▸ **Data extract**:
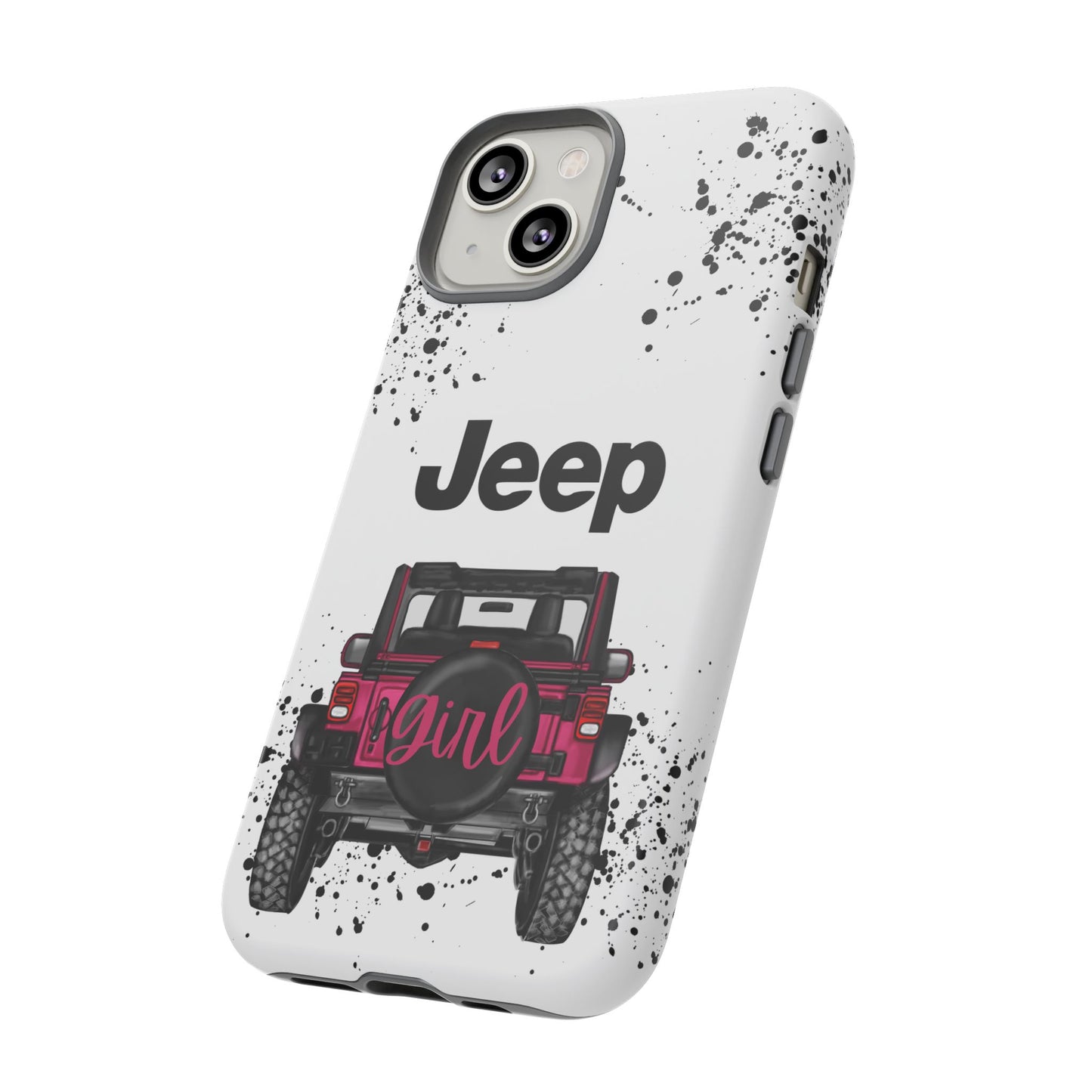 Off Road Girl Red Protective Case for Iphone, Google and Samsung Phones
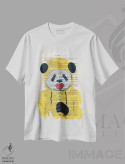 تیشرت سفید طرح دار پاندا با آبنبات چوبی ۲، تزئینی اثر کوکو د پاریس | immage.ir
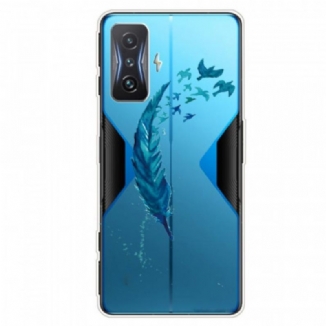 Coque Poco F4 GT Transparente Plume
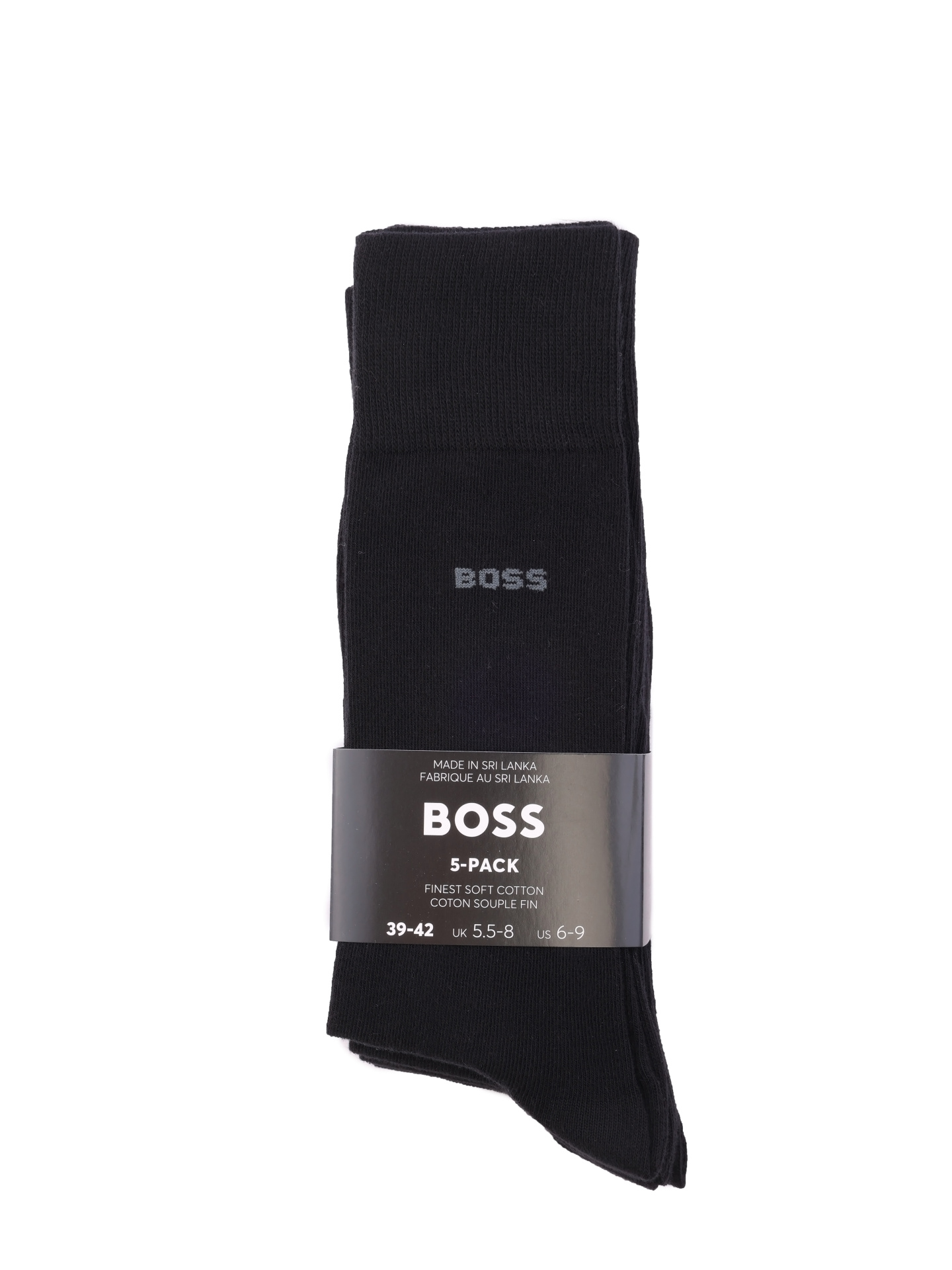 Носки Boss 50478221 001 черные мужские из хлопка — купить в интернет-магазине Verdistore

▸ **Your instructions**: Transcribe the listing exactly; omit all images.

▸ **Result of the task**:
 Off Road Girl Red Protective Case for Iphone, Google and Samsung Phones
 تیشرت سفید طرح دار پاندا با آبنبات چوبی ۲، تزئینی اثر کوکو د پاریس | immage.ir
 Coque Poco F4 GT Transparente Plume
 Носки Boss 50478221 001 черные мужские из хлопка — купить в интернет-магазине Verdistore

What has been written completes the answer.